Wannano:
Please do not assume that I am trying to be controversial but I have a question. How and why do we know when to take Christ’s words literal or symbolically from the Bible? At the Last Supper He took bread and then said “take eat.” Why does anyone substitute literal bread for a wafer even if the wafer contains only wheat flour and water? I know that most Evangelicals substitute wine with grape juice but I have seen several posters here castigate them for not using actual wine when their own church does not use actual bread from a loaf?
Just to (hopefully) clear things up: What Jesus offered at the Last Supper was not what most Americans (can’t speak for any other part of the world) call “bread.” It was (and is) matzo. It is the same stuff that you would buy from the store that is labeled “Kosher for Pesach” (Passover). This matzo has been made from ONLY wheat flour and water. It can’t have ANY leavening in it, like soda, and must be made from pure WHEAT flour, not corn flour or wheat mixed with barley flour or spelt flour.
When the Israelites were fleeing from Egypt they were commanded to make and eat this type of bread, because it doesn’t require time for the yeast for ferment, causing the bread to rise. In fact, in the commercial matzo bakeries, there will be religious officials walking around with stopwatches to make sure that no more than 18 minutes pass from the time the water hits the flour until the dough is cut and placed in the oven to bake.

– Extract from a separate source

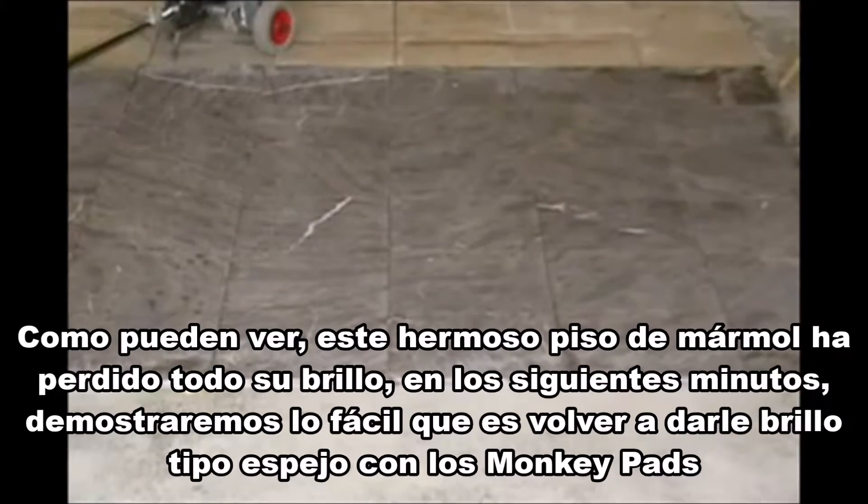As you can see, this once beautiful brown marble floor has completely lost its shine. In the next five minutes, we will show you how easy it is to bring back a mirror shine with monkey pads.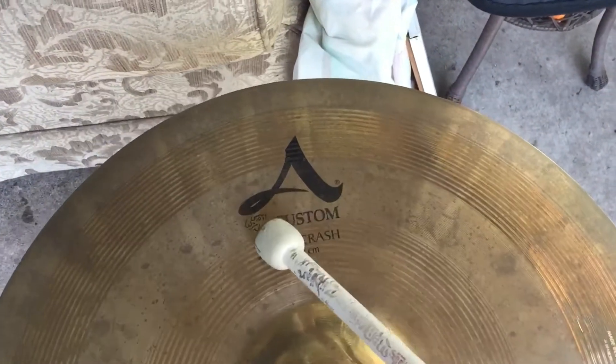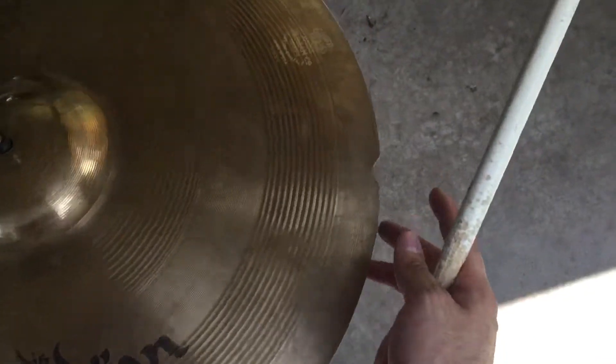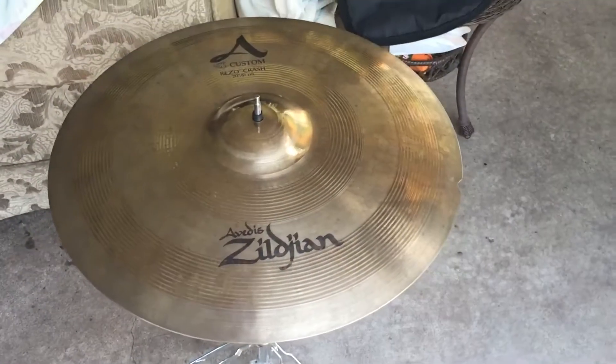Alright y'all, we're back with the Zildjian A-Custom Rezo 20 inch crash, and as you can tell, that crack has been removed. Let's move this butter — let's give a little sound test.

If it is 18 minutes and one second, the dough is thrown out because there’s too much chance that by then, a stray bit of wild yeast may have landed in the dough and started leavening the dough.
Those groups that use store-bought bread or even crackers are actually practicing a form of corruption, because in biblical terms leaven is used to describe corruption: something that comes from outside the body to change its “substance”.
To answer the question I put in bold type, we know because in the Aramaic that comes down to us, Jesus will use a form of speech that shows it is to be taken literally. In John 6, the Aramaic versions use a word that means not just to eat or consume, but to gnaw at his Flesh because it is real food. Nor did Jesus chase after the disciples who left telling them that he meant it symbolically, nor did He make any such “symbolism” claim later to the disciples who remained to explain it as a parable.